The Walt Disney Company's fight against Florida's Parental Rights in Education Act reveals its commitment to a "not-at-all-secret gay agenda," according to Christopher Rufo, of City Journal magazine.
Rufo tweeted on Tuesday that he had obtained video from inside Disney's meeting about the new Florida law, during which Executive Producer Latoya Raveneau claims to be regularly "adding queerness" to the company's children's programming.
"Our leadership over there has been so welcoming to my not-at-all-secret gay agenda," Raveneau said. "I don't have to be afraid to have these two characters kiss. Wherever I could, just basically adding queerness. No one would stop me, and no one was trying to stop me."
On Monday, Disney issued a statement hours after Florida Republican Gov. Ron DeSantis signed the parental rights legislation, saying that the bill "should never have passed and should never have been signed into law."
"Our goal as a company is for this law to be repealed by the legislature or struck down in the courts, and we remain committed to supporting the national and state organizations working to achieve that," Disney said.
The new Florida law expands parental education rights and bans classroom instruction of gender identity and sexual orientation in kindergarten through third grade.

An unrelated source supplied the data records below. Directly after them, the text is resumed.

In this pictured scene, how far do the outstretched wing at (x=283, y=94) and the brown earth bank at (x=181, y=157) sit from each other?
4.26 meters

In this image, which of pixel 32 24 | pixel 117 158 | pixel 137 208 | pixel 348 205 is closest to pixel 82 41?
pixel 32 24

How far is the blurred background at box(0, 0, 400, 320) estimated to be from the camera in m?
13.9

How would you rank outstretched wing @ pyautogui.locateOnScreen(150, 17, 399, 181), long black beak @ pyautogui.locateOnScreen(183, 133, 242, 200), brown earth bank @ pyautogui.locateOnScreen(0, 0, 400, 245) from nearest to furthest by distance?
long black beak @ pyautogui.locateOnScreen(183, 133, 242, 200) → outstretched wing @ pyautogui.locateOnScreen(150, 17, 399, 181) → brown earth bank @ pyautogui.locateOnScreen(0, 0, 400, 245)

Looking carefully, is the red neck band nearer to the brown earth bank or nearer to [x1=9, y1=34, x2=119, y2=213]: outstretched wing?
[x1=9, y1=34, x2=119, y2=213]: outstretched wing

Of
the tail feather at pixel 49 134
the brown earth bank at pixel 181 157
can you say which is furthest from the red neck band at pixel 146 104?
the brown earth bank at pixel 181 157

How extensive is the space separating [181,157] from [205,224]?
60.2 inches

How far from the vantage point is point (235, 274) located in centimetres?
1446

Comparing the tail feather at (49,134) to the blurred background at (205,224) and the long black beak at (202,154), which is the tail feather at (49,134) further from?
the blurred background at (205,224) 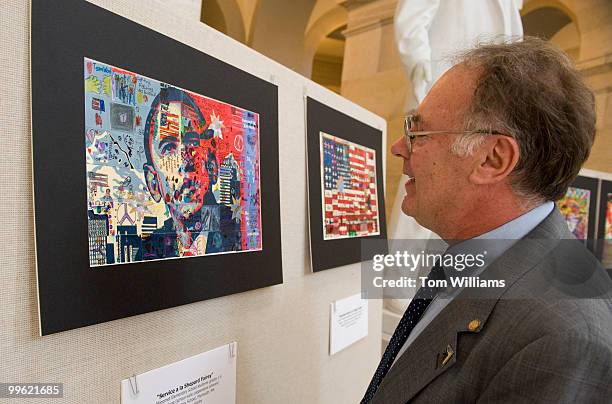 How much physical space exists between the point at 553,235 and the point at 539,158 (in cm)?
18

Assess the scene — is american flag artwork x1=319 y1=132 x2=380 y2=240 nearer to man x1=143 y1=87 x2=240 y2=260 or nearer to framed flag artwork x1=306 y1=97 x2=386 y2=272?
framed flag artwork x1=306 y1=97 x2=386 y2=272

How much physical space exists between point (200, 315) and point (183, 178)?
35cm

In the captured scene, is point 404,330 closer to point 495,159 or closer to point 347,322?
point 495,159

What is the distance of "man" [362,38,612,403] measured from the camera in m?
0.81

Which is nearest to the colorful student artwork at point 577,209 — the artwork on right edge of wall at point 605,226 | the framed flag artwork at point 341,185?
the artwork on right edge of wall at point 605,226

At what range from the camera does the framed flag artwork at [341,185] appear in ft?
5.28

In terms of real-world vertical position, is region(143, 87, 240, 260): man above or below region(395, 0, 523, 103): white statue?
below

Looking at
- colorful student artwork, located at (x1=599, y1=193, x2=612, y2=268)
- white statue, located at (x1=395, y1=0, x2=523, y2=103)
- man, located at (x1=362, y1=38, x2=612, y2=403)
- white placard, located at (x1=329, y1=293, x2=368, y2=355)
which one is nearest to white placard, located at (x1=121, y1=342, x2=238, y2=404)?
man, located at (x1=362, y1=38, x2=612, y2=403)

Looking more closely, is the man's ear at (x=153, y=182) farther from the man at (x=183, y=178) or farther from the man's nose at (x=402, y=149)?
the man's nose at (x=402, y=149)

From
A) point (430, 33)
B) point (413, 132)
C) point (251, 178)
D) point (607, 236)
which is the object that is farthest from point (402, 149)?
point (607, 236)

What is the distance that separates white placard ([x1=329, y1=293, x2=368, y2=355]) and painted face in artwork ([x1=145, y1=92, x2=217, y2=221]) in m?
0.87

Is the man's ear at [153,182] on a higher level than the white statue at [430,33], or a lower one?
lower

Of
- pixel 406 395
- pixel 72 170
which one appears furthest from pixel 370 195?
pixel 72 170

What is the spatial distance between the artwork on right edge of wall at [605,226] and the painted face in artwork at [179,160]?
197 inches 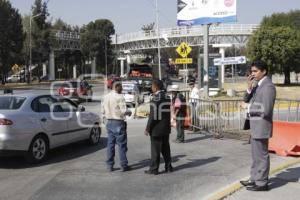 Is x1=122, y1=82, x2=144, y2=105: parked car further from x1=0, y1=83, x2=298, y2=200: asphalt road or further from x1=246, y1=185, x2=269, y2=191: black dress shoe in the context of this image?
x1=246, y1=185, x2=269, y2=191: black dress shoe

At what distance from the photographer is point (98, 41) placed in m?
93.8

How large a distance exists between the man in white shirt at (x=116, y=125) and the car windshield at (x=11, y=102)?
2024mm

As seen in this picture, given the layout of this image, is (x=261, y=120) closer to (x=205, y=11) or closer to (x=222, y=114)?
(x=222, y=114)

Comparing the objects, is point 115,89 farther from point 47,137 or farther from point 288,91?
point 288,91

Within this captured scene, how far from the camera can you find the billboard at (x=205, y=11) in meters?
30.4

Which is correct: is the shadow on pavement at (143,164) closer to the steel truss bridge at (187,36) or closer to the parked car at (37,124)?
the parked car at (37,124)

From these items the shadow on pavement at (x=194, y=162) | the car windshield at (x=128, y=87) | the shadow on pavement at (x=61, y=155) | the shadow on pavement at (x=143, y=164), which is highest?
the car windshield at (x=128, y=87)

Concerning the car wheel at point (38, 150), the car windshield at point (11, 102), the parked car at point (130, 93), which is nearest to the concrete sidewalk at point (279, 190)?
the car wheel at point (38, 150)

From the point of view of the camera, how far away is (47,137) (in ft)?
34.7

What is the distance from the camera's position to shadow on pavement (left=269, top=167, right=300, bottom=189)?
25.1ft

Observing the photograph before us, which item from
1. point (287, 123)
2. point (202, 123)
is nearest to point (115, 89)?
point (287, 123)

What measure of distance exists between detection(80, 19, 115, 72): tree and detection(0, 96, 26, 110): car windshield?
8330 cm

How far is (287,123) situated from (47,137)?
17.5 ft

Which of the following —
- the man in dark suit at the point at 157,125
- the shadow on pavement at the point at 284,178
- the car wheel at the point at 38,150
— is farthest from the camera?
the car wheel at the point at 38,150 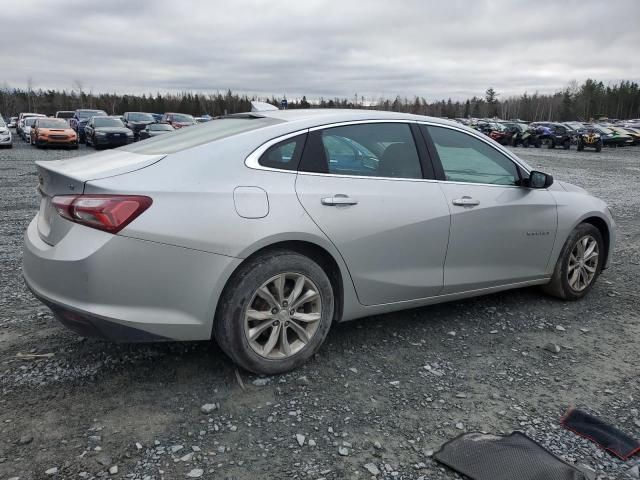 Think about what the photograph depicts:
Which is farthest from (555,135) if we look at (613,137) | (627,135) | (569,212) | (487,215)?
(487,215)

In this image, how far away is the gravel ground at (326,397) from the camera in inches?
99.5

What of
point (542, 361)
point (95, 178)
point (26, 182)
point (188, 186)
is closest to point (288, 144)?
point (188, 186)

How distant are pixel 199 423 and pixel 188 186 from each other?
1.27 metres

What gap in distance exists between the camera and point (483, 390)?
127 inches

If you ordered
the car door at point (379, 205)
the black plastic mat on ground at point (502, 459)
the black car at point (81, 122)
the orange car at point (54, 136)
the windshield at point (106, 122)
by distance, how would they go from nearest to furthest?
1. the black plastic mat on ground at point (502, 459)
2. the car door at point (379, 205)
3. the orange car at point (54, 136)
4. the windshield at point (106, 122)
5. the black car at point (81, 122)

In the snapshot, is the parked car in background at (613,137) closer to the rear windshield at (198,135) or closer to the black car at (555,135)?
the black car at (555,135)

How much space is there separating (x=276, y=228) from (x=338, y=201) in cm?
48

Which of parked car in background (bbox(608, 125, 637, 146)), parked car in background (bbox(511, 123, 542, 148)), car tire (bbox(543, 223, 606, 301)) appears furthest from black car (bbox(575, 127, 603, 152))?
car tire (bbox(543, 223, 606, 301))

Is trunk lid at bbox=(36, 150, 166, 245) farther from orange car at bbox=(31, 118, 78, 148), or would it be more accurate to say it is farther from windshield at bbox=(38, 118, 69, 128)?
windshield at bbox=(38, 118, 69, 128)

DeSantis has said that he won't be swayed by media, business, or celebrity opinions about the new law.
"We will continue to recognize that in the state of Florida parents have a fundamental role in the education, healthcare and well-being of their children," DeSantis said in a video posted to his official Twitter account Monday. "We will not move from that. I don't care what corporate media outlets say, I don't care what Hollywood says, I don't care what big corporations say. Here I stand — I'm not backing down."
According to the Washington Examiner, Disney CEO Bob Chapek stopped the company's political donations in Florida on March 11 and apologized for the company's initial refusal to take a stand against the bill.
The company's storied Disney World Resort is located in Orlando, Florida, and Disney employs more than 60,000 people in the state, making it the largest employer in central Florida, according to the Orlando Business Journal.
In another apparent inside video posted to Rufo's Twitter account, Disney corporate President Karey Burke said, "I'm here as a mother of two queer children actually — one transgender child and one pansexual child."
"We have many, many, many LGBTQIA characters in our stories, and yet we don't have enough leads and narratives in which gay characters just get to be characters," she said.
It was not immediately clear if Burke spoke at the same meeting as Raveneau.